Gründe dafür gibt es mehrere: so z.B. die größere Anstrengung beim Lesen am Bildschirm oder der Kostenfaktor bei der Nutzung des Internets. Der weitaus entscheidendere aber ist ein Phänomen unserer Zeit. Nämlich genau davon keine mehr zu haben. Der Kunde will flott ans Ziel.
Der Anspruch, gesuchte Inhalte schnell zu finden ist groß. Gelingt das nicht, ist der User auch ganz schnell wieder weg, schlimmstenfalls auf zur Website der Konkurrenz. Denn das geht auch ganz schnell.
Deshalb müssen sich Texte für Websites in Stil und Satzbau an die veränderten Bedürfnisse der Leser anpassen. Sie müssen in kurzen Worten die Inhalte darstellen und auf den Punkt bringen.
Und ganz besonders gilt dies für mobile Websites. Wenn wegen langer Ladezeiten die Bilder von ihnen entfernt werden, bleibt schließlich als Informationsträger nur noch der content übrig. Und was, wenn der nicht gelesen wird, weil er einfach zu lang ist? Kein Kunde möchte endlos scrollen bis er endlich die Information gefunden hat, die er sucht.
„Na, dann kürzen wir sie eben!“ höre ich schon Stimmen sagen.
Alles gut und schön, aber beim Kürzen gehen in den meisten Fällen auch Inhalte verloren.
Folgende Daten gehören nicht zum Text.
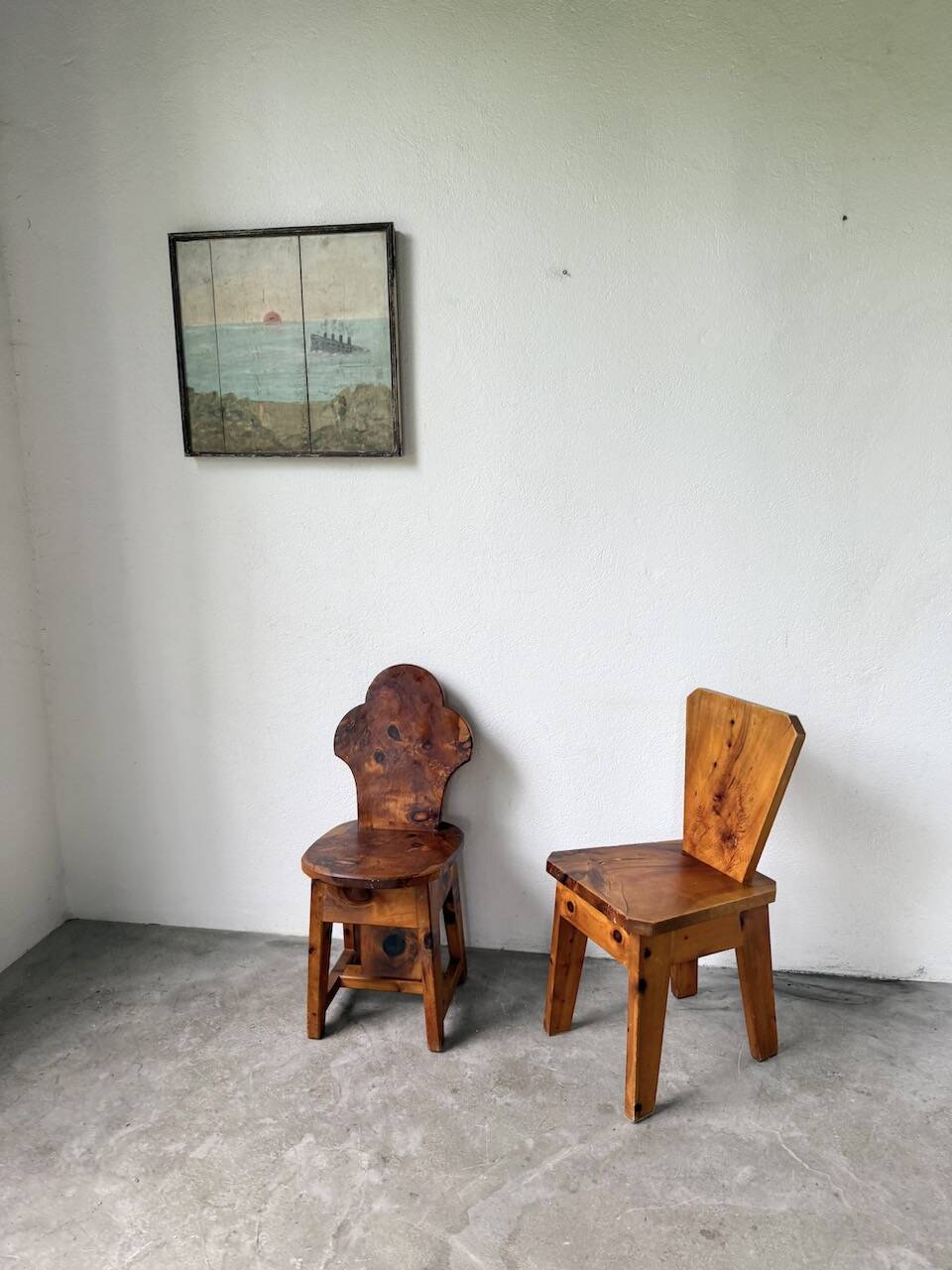 Paire de chaises brutalistes savoyardes en pin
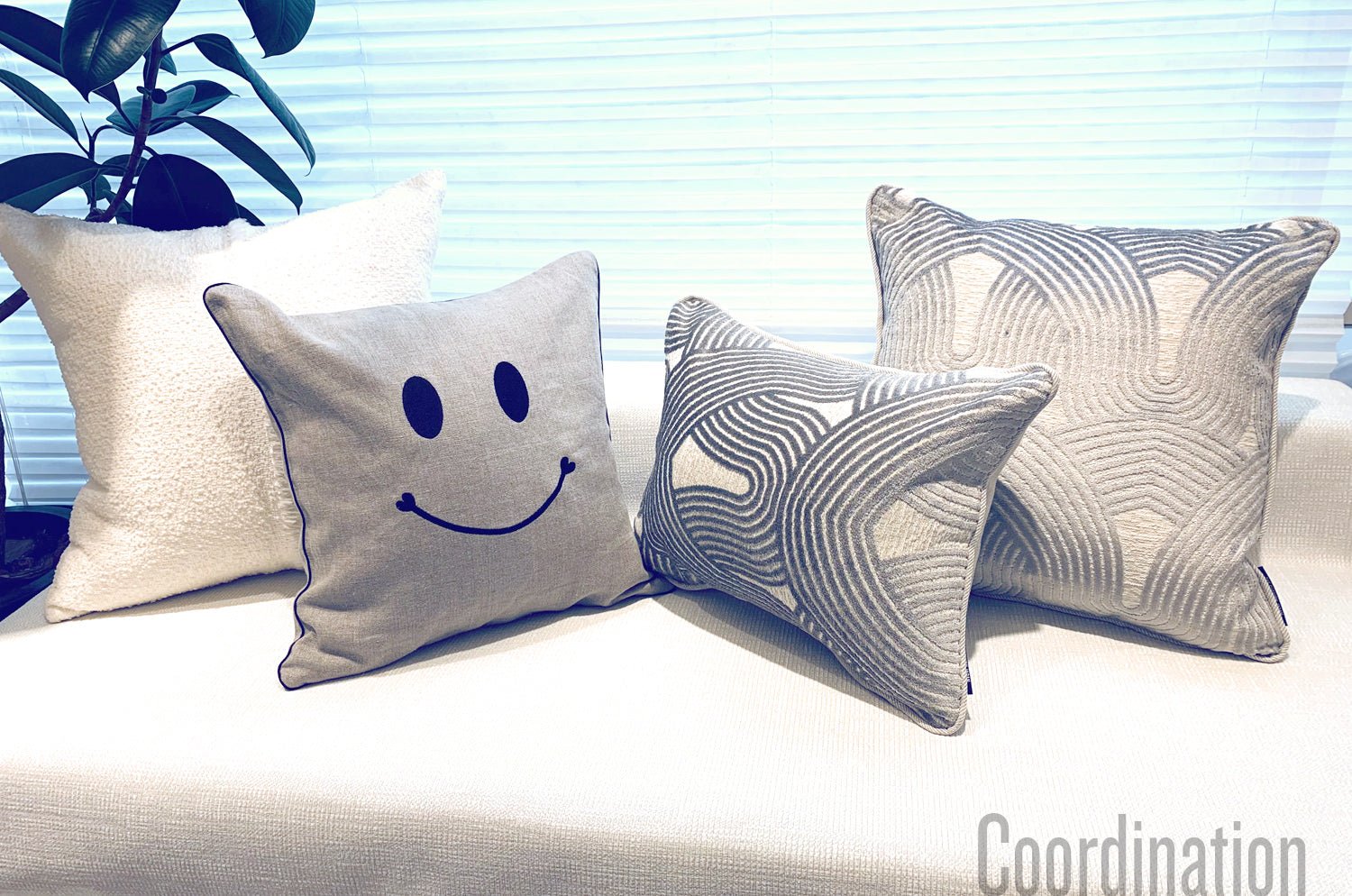 The Modern art mahori Velvet モダンアートマオリ ジャカードベルベット クッションカバー (シルバーグレー) 45×45cm - HOUSE OF JAPAN Shop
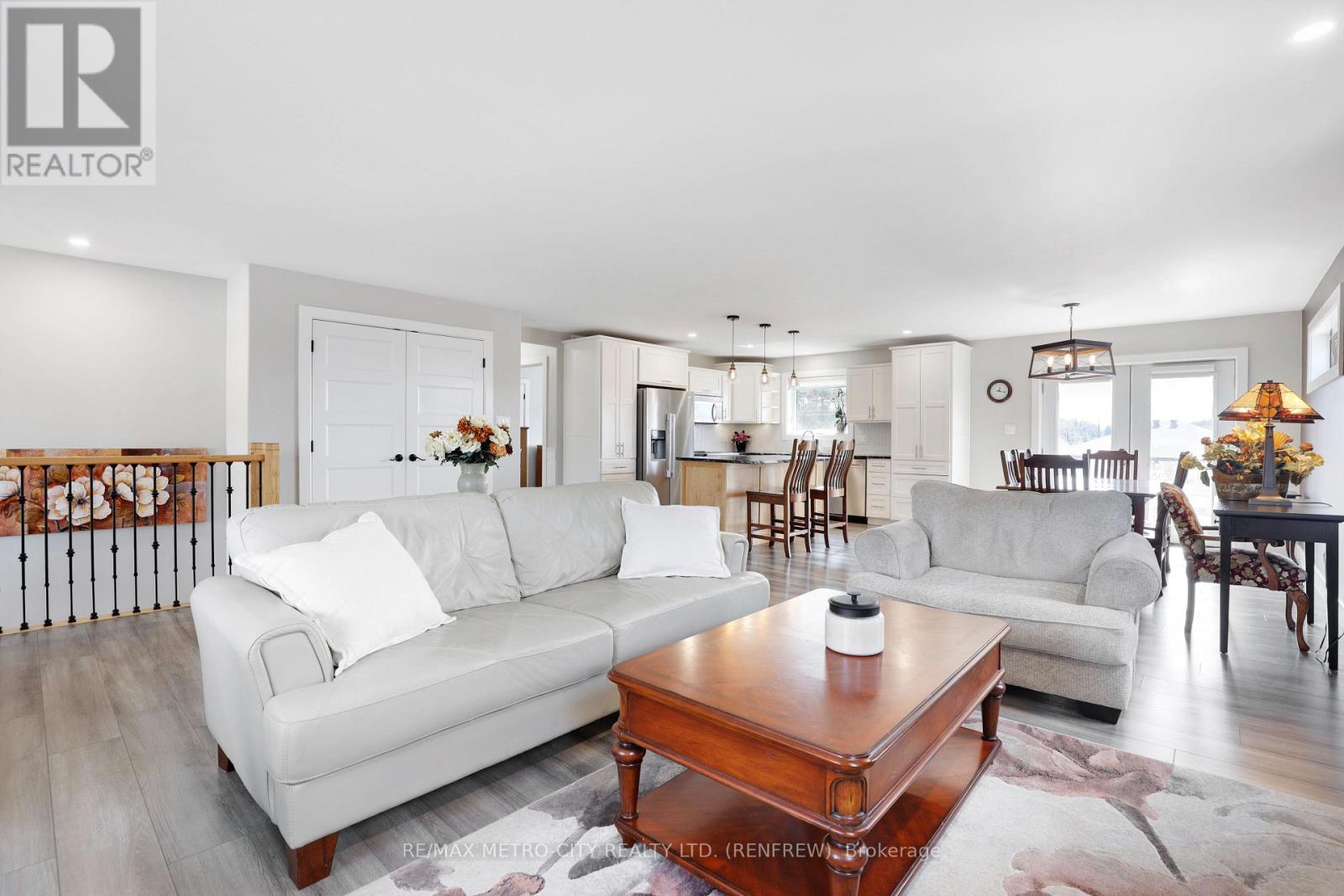 65 NOBLE CRESCENT - 14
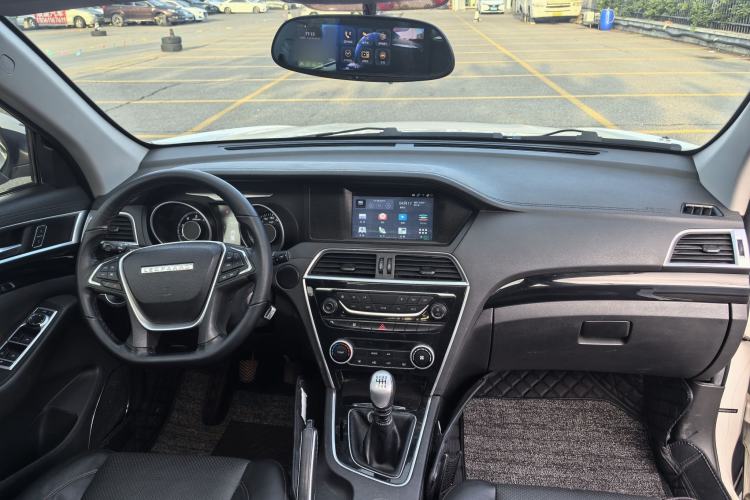 Used Leopaard CS10 2016 2.0T Manual Excellence Edition Interior 3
Der content muss auf das Wesentliche konzentriert werden, ähnlich wie es unsere Großmütter mit einer gehaltvollen Kraftbrühe gemacht haben. Das Wässerige verdampfen und die guten Nährstoffe übrig behalten. Für Texte bedeutet das: gleicher Informations-gehalt bei kleinerer Wortzahl – Where is the beef?
Und auch google erwartet das. Bei doppeltem, identischen Content auf der Website für stationäre Geräte und der für i-phone & Co. verweist die Suchmaschine die Websites ganz schnell auf Platz XY in der letzten Reihe.
Und wie sollen dann diese Websites den gewünschten Erfolg bringen?